Però a fine gennaio, dopo mesi di trattative, appare chiaro che la cifra è insufficiente: fra i proprietari, fiutata l’importanza della posta in palio c’è chi alza il tiro. E così si parla di un raddoppio della previsione di spesa, il che significherebbe anche ritardare l’avvio dei dragaggi e far slittare in avanti la realizzazione del terminal container.

Il Progettone si complica ed è a questo punto che Confindustria accende la miccia. Il 7 febbraio Ottolenghi, presidente degli industriali, annuncia di essere contrario alla formula dell’esproprio ma anche al connesso progetto della logistica, che prevede la realizazione di capannoni industriali sui terreni con i fanghi. «Serve un intervento sui fondali – dichiara –. Confindustria ha sempre sostenuto un simile obiettivo investendo 200mila euro per il progetto preliminare dell’Autorità Portuale».

Poi l’attacco sui due obiettivi: «L’Autorità portuale accanto a questo progetto ha sviluppato anche un piano di costruzione di una delle più vaste piattaforme logistiche d’Italia, su ben 220 ettari di terreni (sottratti allo sviluppo portuale) non collegati tra loro e in corso di esproprio.
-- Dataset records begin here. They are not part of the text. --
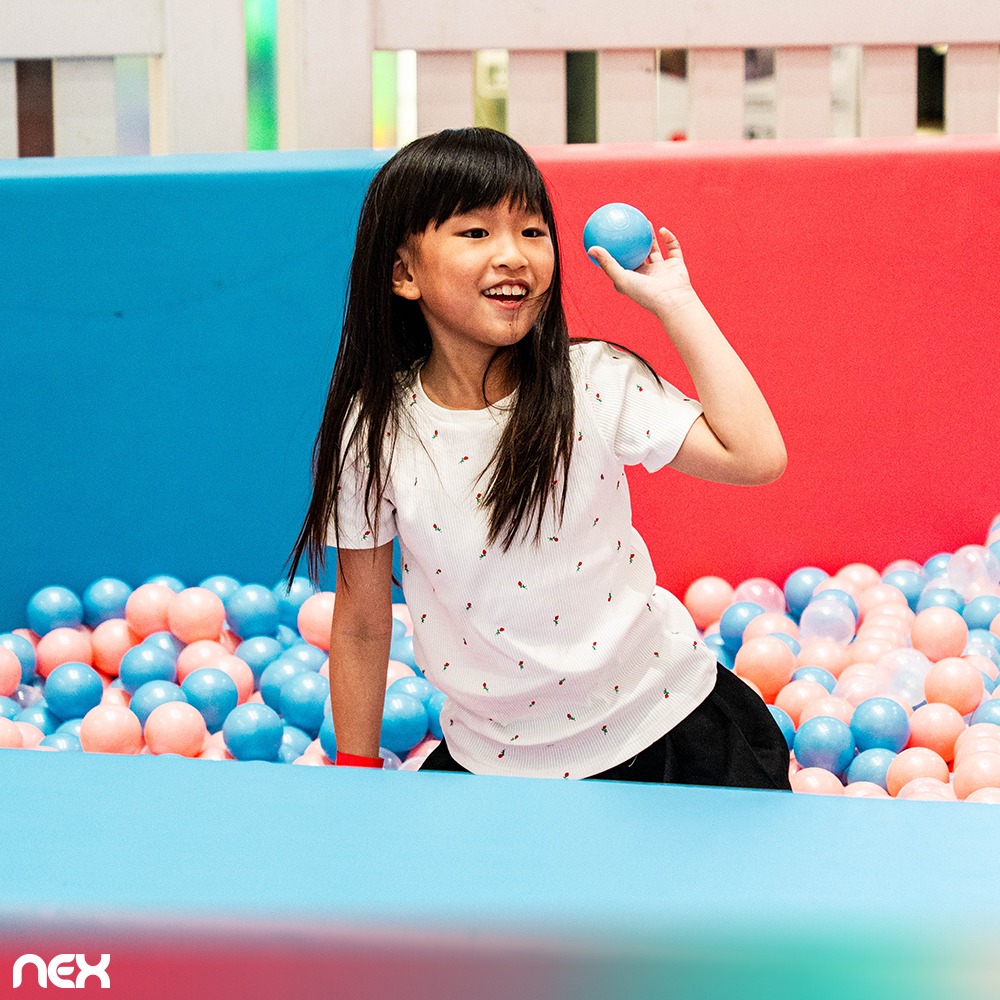 Scenes from LINE FRIENDS minini PLAYLAND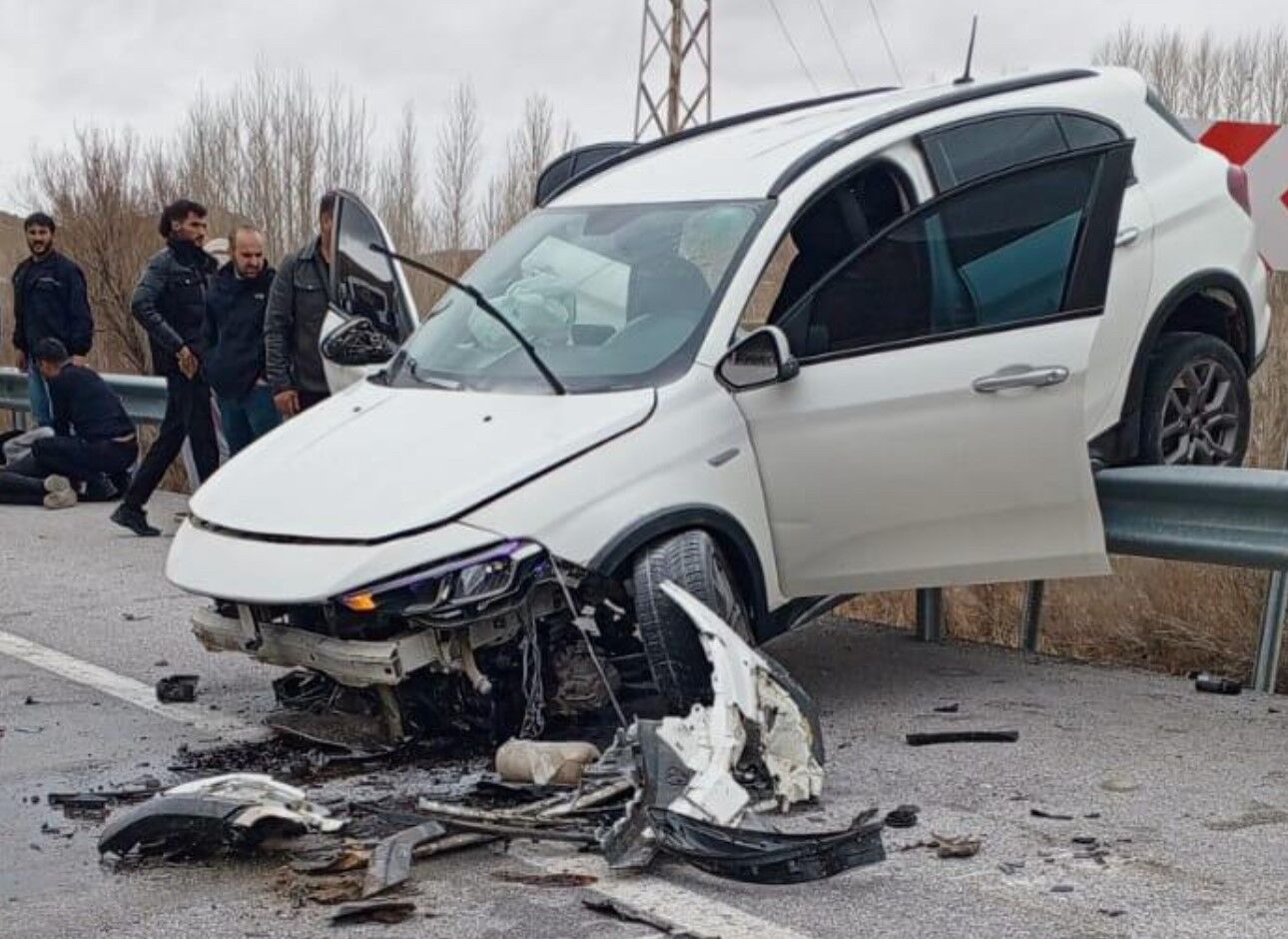 Kontrolden çıkan otomobil bariyerlerde asılı kaldı: 4 yaralı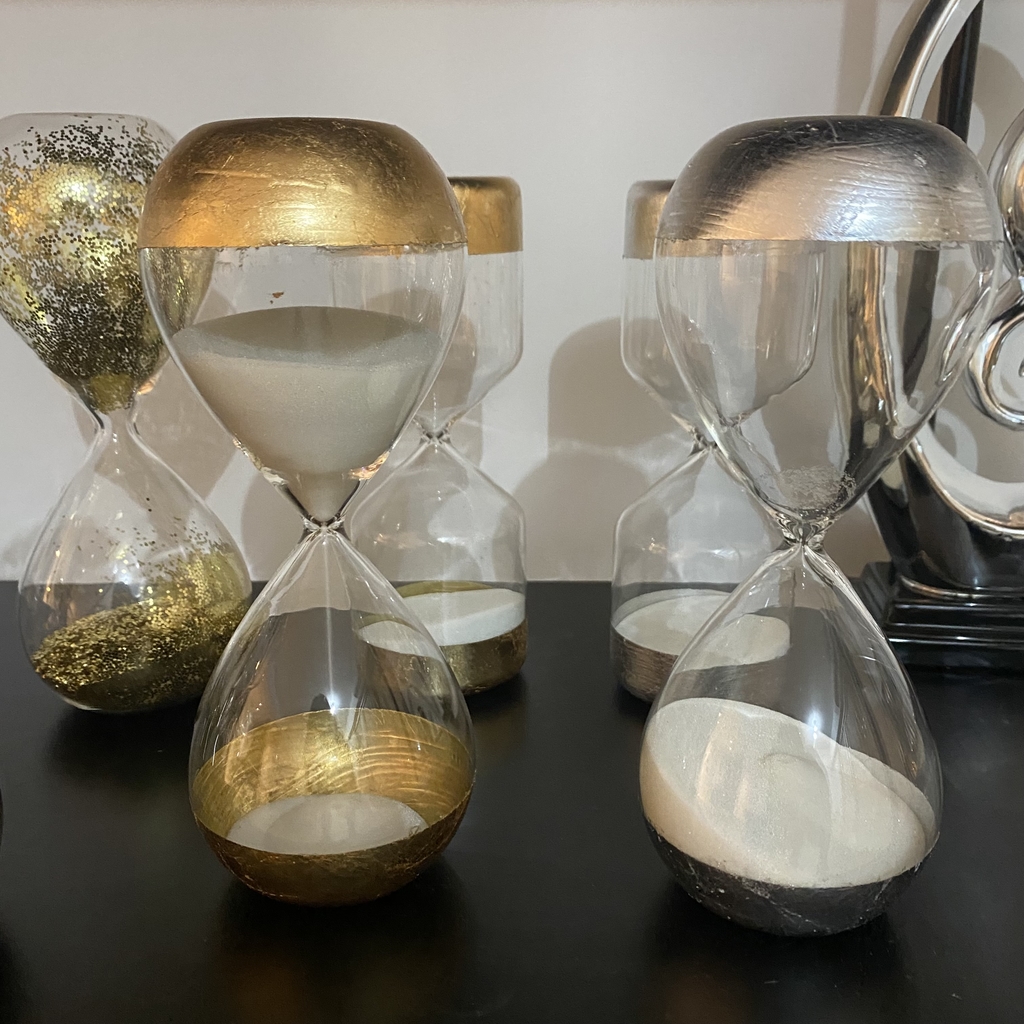 RELOJ DE ARENA HANNAH Reloj de arena blanca y bordes de foil
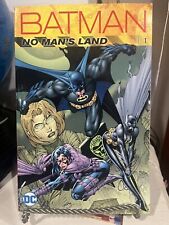 Batman: No Man's Land #1 (DC Comics 2011 February 2012) picture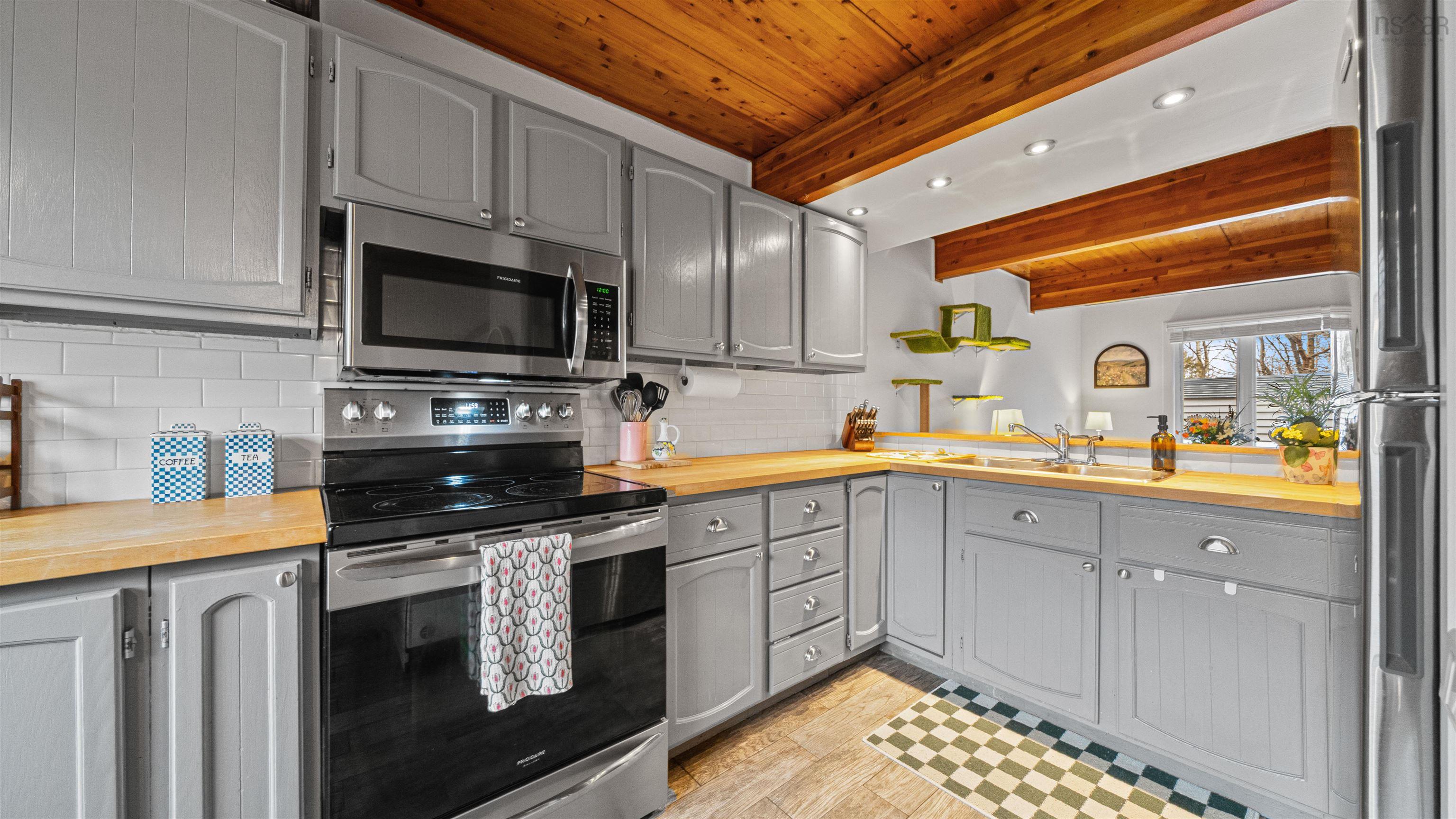 $360,000.00: 107 Cavendish Road, Halifax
Angoscia il disinvolto ed esteso uso dell’esproprio, che ha tempi lunghi, rischia di ritardare i dragaggi e dirige soldi pubblici su attività di magazzinaggio che non sono tipiche del pubblico. La proprietà pubblica di beni economici genera alterazioni nella concorrenza, inefficiente allocazione delle risorse e altre distorsioni». Il senso è: si punti sul porto, non sui capannoni.
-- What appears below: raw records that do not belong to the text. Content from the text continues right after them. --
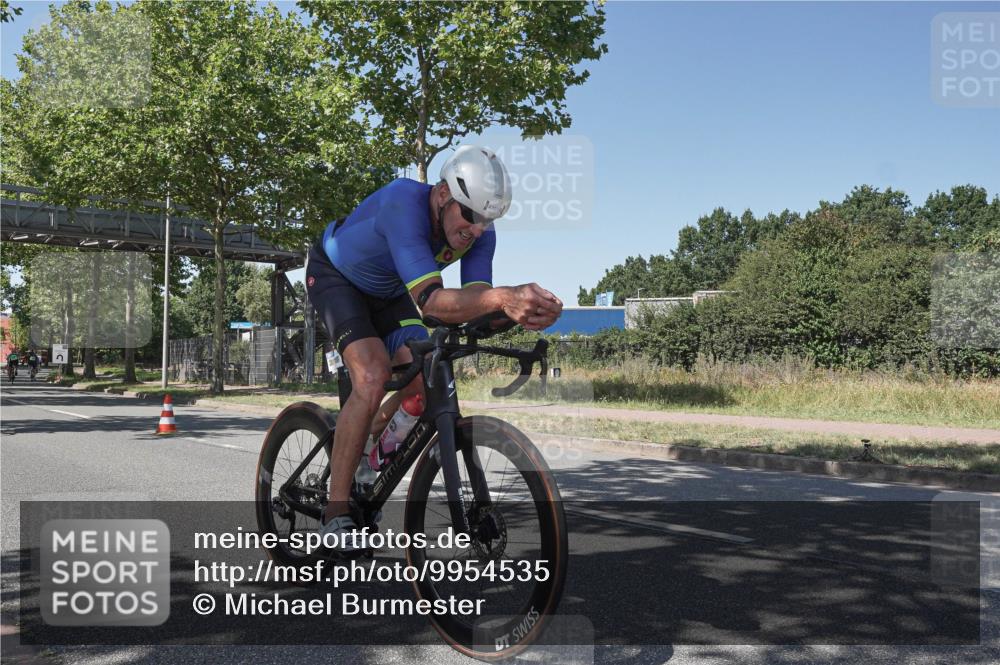 09.08.2026 - GEWOBA Citytriathlon Bremen Michael Burmester http://msf.ph/oto/9954535 09.08.2026 14:33:37 Radfahren 17, 38, 74, 82, 146, 218, 232, 263, 308, 371, 470 meine-sportfotos.de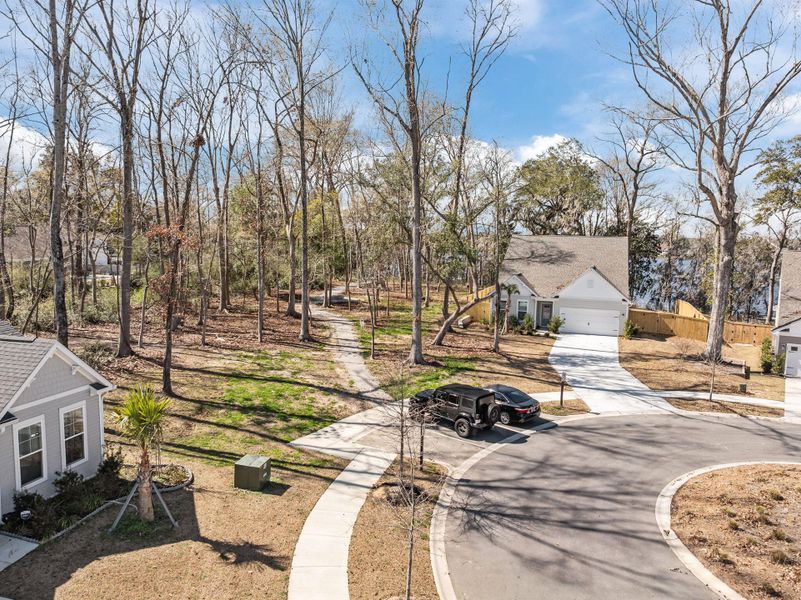 Community amenities in , Hanahan (Image 34).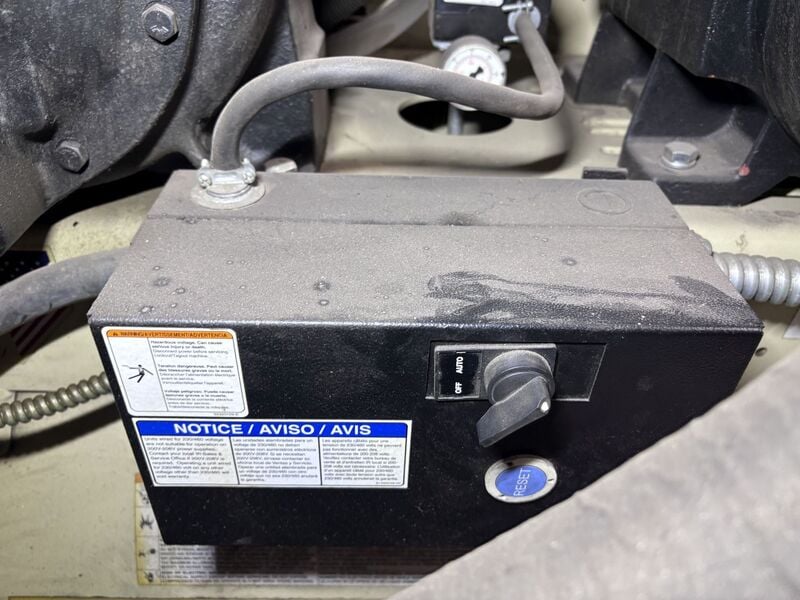 51 cfm, 175 psi, Ingersoll-Rand #7100E15-P, 2-stage reciprocating horizontal air compressor, 15 HP - Image 5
Il sasso è lanciato, e il fracasso è notevole. Difatti rimbalza subito la polemica replica di Di Marco: «Nel Progettone l’Autorità Portuale mette gli operatori in condizioni di agire, realizzando le infrastrutture della piattaforma logistica e dopo facendo gare concorrenziale per avere aree attrezzate. Gare, non una situazione monopolistica come quella odierna. Noi non facciamo nè capannoni, nè operazione immobiliare».

Poi la stoccata al presidente di Confindustria: «Se poi Ottolenghi (che è imprenditore portuale, ndr), quando parla di alterazione della concorrenza, si riferisce alla Sapir di cui il suo gruppo è azionista, non posso che essere d’accordo: gli enti pubblici dovrebbero uscire da Sapir e renderla una società che sta sul mercato. O dovrebbero uscire i privati e gli enti pubblici potrebbero conferire le aree all’ente portuale».

Addio diplomazia, lo scontro è totale. Ottolenghi si dimette dal Comitato Portuale mentre Confindustria Romagna si schiera al fianco del suo presidente. Il polverone non produce le dimissioni di Di Marco ma comunque il congelamento del piano triennale che avrebbe dovuto dare il via libero definitivo agli espropri. Prima soddisfazione per Confindustria: «Un simile passaggio consentirà una scelta più consapevole e meditata». Muro contro muro, l’impressione è che la battaglia sarà lunga. E intanto, a tre anni dalla nascita del piano, le draghe sono ancora a bocca asciutta.